Paris yönetimi, aynı zamanda Ukrayna’nın savunma sanayii ile ortak üretim modelleri geliştirmeyi ve bazı sistemlerde teknoloji paylaşımını gündeme alarak Kiev’in kendi kendine yeten bir savunma altyapısı inşa etmesine katkı sunmayı hedeflemektedir. Böylece, Ukrayna’nın yalnızca savaş döneminde değil, uzun vadede de caydırıcılığını koruyan bir askeri mimariye sahip olması amaçlanmaktadır.
Ekonomik ve Yeniden İnşa Boyutu
Anlaşmanın ekonomik ayağı, Ukrayna’nın savaşın ağır tahribatı altında kalan altyapı ve üretim kapasitesinin yeniden inşa edilmesine yönelik kapsamlı bir mekanizma öngörmektedir. Fransa, kamu fonları, kredi mekanizmaları ve özel sektör yatırımları aracılığıyla Ukrayna’nın ekonomik toparlanma sürecini destekleme taahhüdünde bulunmuştur.
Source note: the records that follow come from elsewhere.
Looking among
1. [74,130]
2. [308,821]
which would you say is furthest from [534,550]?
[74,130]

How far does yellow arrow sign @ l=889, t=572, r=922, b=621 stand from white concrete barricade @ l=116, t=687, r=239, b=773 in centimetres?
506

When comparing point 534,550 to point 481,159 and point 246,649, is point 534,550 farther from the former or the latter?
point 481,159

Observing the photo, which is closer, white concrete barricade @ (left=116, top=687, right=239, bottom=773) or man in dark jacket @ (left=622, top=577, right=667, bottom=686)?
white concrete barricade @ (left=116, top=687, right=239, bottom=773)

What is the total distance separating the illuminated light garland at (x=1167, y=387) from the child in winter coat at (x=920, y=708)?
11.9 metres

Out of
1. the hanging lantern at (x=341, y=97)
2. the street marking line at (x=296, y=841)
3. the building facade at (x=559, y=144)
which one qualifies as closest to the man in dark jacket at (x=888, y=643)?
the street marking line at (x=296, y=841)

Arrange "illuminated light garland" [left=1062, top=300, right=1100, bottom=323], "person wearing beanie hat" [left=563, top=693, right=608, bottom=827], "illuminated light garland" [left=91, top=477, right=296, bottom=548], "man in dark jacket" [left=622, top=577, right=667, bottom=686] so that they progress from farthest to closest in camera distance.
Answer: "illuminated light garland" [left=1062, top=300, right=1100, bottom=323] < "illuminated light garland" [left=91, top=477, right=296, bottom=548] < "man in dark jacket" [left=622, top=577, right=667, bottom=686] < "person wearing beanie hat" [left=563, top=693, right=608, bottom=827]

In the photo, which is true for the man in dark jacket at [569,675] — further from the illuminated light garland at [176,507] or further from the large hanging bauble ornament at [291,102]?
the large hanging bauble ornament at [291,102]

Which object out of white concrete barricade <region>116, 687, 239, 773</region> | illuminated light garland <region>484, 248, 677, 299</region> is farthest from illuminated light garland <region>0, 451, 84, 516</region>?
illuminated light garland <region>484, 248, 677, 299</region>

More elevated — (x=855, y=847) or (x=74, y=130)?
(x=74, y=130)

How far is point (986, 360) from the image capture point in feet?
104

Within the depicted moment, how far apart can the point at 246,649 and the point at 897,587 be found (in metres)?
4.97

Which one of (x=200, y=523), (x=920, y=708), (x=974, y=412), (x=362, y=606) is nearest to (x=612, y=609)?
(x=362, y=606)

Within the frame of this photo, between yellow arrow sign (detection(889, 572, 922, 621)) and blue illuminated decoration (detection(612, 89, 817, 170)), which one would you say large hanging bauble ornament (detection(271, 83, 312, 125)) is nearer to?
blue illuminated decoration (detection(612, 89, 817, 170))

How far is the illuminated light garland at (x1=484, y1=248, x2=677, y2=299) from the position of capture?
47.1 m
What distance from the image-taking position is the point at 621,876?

Özellikle enerji güvenliği, ulaştırma altyapısının onarılması, tarım üretiminin desteklenmesi ve kritik sanayi alanlarının Avrupa pazarlarıyla entegrasyonu, anlaşmanın stratejik hedefleri arasında yer almaktadır. Bu yaklaşım, Ukrayna ekonomisinin savaş sonrası dönemde dışa bağımlılığını azaltmayı, sürdürülebilir büyümeyi mümkün kılmayı ve Avrupa Birliği ile uzun vadeli entegrasyon sürecini hızlandırmayı amaçlamaktadır.
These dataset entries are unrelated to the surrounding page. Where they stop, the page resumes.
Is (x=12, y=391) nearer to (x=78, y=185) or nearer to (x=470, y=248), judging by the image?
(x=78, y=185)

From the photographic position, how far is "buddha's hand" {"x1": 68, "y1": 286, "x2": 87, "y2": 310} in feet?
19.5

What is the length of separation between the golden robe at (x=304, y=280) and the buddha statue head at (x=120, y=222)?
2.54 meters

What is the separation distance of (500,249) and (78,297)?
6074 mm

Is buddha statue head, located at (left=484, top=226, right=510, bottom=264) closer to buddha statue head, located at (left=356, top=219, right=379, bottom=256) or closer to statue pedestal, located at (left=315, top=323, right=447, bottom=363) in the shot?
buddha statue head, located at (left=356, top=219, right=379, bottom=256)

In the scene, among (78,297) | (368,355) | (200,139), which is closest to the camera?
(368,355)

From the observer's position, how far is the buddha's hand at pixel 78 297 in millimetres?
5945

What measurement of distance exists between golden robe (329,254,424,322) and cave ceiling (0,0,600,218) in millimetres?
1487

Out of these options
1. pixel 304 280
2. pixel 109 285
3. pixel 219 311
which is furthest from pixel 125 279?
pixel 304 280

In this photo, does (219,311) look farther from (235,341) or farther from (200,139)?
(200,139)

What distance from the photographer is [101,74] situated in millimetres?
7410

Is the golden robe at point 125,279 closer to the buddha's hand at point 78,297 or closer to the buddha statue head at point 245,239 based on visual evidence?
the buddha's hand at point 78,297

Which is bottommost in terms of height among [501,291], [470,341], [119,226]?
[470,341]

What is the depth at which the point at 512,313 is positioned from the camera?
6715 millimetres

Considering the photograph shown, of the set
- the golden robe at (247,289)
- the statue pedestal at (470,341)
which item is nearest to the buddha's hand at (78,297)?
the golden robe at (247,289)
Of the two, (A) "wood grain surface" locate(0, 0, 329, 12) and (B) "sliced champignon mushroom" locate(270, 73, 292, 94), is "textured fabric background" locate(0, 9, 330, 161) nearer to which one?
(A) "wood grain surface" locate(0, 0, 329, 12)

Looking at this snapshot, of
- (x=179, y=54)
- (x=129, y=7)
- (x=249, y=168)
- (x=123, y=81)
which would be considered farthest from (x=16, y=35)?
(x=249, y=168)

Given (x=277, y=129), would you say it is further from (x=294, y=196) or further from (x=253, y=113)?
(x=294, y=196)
Avrupa Güvenlik Mimarisi Açısından Anlamı
Zelensky ile Macron arasında imzalanan stratejik anlaşma, Avrupa güvenliği açısından geniş kapsamlı sonuçlar doğuran bir adımdır. Avrupa Birliği ülkelerinin Ukrayna’ya yönelik desteği bugüne kadar büyük ölçüde siyasi dayanışma ve dönemsel askeri yardımlar şeklinde ilerlerken, Fransa’nın bu anlaşma ile süreci kalıcı bir çerçeveye oturtması, Avrupa’nın stratejik özerkliği yönünde atılmış önemli bir adıma işaret etmektedir.
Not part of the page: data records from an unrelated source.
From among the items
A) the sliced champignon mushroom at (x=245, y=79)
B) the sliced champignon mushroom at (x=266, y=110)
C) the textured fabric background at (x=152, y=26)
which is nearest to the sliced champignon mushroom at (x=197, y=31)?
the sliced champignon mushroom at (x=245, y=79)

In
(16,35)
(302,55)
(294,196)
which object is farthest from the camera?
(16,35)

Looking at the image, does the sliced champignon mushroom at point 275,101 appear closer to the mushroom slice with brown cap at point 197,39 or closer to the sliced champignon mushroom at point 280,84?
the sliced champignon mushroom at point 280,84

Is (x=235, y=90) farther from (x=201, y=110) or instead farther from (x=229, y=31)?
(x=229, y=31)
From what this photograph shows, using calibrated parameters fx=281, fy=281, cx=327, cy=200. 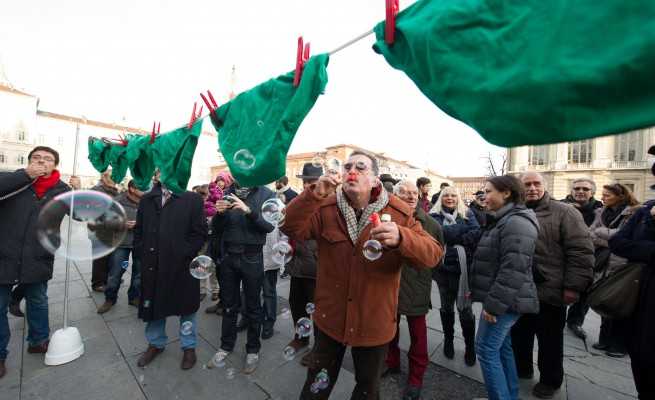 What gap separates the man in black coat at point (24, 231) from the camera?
3.05 meters

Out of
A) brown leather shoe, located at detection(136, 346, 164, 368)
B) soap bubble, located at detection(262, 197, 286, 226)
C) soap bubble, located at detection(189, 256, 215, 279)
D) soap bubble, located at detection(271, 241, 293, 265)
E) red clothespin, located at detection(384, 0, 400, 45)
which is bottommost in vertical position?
brown leather shoe, located at detection(136, 346, 164, 368)

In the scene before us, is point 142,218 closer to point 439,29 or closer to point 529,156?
point 439,29

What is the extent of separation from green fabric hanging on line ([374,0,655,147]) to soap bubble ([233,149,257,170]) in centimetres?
121

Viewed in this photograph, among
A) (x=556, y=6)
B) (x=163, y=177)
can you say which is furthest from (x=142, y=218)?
(x=556, y=6)

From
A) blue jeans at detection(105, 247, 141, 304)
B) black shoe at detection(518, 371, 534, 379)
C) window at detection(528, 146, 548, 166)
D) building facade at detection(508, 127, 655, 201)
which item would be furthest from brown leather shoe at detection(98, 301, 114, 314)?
window at detection(528, 146, 548, 166)

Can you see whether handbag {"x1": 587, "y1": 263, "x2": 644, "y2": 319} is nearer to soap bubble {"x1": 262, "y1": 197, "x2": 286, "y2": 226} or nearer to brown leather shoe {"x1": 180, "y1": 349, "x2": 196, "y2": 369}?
soap bubble {"x1": 262, "y1": 197, "x2": 286, "y2": 226}

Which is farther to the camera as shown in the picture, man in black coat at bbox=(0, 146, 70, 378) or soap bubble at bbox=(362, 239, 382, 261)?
man in black coat at bbox=(0, 146, 70, 378)

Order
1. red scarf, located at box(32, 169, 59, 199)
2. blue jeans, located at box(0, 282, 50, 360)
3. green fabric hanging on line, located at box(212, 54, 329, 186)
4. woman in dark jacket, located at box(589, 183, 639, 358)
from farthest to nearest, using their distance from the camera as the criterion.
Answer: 1. woman in dark jacket, located at box(589, 183, 639, 358)
2. red scarf, located at box(32, 169, 59, 199)
3. blue jeans, located at box(0, 282, 50, 360)
4. green fabric hanging on line, located at box(212, 54, 329, 186)

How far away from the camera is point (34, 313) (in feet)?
11.2

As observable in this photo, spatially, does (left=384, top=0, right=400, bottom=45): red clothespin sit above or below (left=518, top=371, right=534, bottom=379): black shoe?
above

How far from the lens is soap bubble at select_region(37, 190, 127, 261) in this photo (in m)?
3.14

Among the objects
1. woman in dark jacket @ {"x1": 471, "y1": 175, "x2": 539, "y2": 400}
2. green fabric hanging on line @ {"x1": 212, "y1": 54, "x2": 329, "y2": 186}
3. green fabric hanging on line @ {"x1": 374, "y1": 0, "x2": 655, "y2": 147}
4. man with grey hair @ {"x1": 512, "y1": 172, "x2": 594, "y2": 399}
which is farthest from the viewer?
man with grey hair @ {"x1": 512, "y1": 172, "x2": 594, "y2": 399}

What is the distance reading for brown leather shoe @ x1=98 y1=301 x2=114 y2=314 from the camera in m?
4.59

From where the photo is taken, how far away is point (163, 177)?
2.93 metres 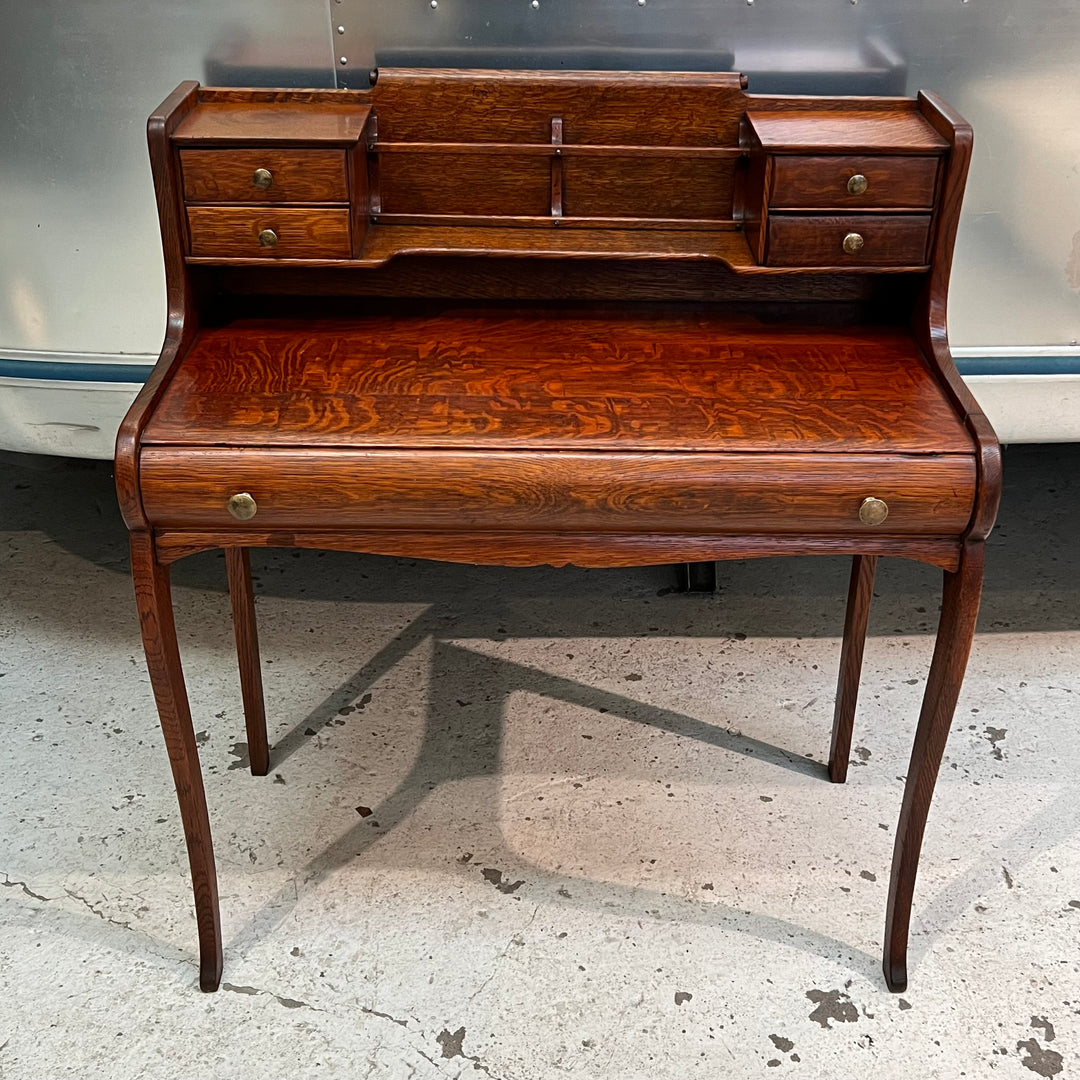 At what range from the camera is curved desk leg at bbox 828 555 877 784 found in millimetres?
2029

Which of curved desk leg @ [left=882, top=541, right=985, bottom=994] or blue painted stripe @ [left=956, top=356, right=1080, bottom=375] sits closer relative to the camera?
curved desk leg @ [left=882, top=541, right=985, bottom=994]

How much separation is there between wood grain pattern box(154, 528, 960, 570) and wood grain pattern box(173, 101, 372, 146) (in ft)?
1.70

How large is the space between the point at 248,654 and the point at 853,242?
47.5 inches

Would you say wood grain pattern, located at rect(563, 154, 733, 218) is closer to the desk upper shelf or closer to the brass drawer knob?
the desk upper shelf

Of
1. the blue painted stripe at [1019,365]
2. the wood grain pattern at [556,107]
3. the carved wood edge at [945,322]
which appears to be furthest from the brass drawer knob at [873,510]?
the blue painted stripe at [1019,365]

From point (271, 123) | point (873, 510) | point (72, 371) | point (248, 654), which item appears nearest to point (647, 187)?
point (271, 123)

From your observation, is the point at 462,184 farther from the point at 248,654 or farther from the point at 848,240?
the point at 248,654

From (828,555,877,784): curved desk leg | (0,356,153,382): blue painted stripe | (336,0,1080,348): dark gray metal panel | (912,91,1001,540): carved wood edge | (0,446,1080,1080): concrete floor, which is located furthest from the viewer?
(0,356,153,382): blue painted stripe

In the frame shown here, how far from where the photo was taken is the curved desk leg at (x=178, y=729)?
4.89ft

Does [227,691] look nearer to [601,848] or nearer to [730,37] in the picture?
[601,848]

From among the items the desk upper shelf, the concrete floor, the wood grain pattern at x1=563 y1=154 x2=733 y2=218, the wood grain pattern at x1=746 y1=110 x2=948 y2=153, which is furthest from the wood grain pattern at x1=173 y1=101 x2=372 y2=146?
the concrete floor

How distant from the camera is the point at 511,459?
1.42 meters

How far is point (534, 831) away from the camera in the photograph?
2.06 metres

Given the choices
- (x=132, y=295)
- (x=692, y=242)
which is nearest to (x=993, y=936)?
(x=692, y=242)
Fransa’nın liderliği, Avrupa’nın güvenlik alanında ABD’ye olan bağımlılığını azaltma yönündeki hedefleriyle de örtüşmektedir. Aynı zamanda, bu adım, Avrupa’da Ukrayna meselesinin bir “kriz yönetimi” süreci olmanın ötesine geçtiğini ve kıtanın geleceğini şekillendiren bir stratejik eksen haline geldiğini göstermektedir. Anlaşma, Avrupa devletlerinin Rusya karşısında caydırıcılığı arttırma iradesini somut bir politikaya dönüştürmekte ve Ukrayna’nın güvenliğini Avrupa güvenliğinin ayrılmaz bir parçası olarak konumlandırmaktadır.
Sonuç
Zelensky ve Macron arasında imzalanan uzun vadeli askeri ve ekonomik destek anlaşması, hem Ukrayna’nın direncini güçlendiren, hem de Avrupa’nın jeopolitik sorumluluklarının yeniden tanımlanmasına katkı sunan kapsamlı bir iş birliği belgesi niteliğindedir. Anlaşma, Ukrayna’nın savaş koşullarındaki kapasitesini arttırmayı amaçlasa da, etkileri bunun çok ötesine uzanmaktadır. Fransa’nın bu süreçte üstlendiği aktif rol, Avrupa güvenlik mimarisinin geleceğini şekillendiren kalıcı bir stratejik yönelime işaret etmektedir.
Sonuç olarak, bu anlaşma, Avrupa’nın Ukrayna’ya verdiği desteği taktik ve geçici olmaktan çıkararak kurumsal, uzun vadeli ve çok boyutlu bir çerçeveye dönüştürmüştür. Bu durum, hem Ukrayna’nın egemenlik ve toprak bütünlüğünü koruma mücadelesine güç katmakta, hem de Avrupa’nın güvenlik düzeninin yeniden inşasında belirleyici bir rol oynamaktadır.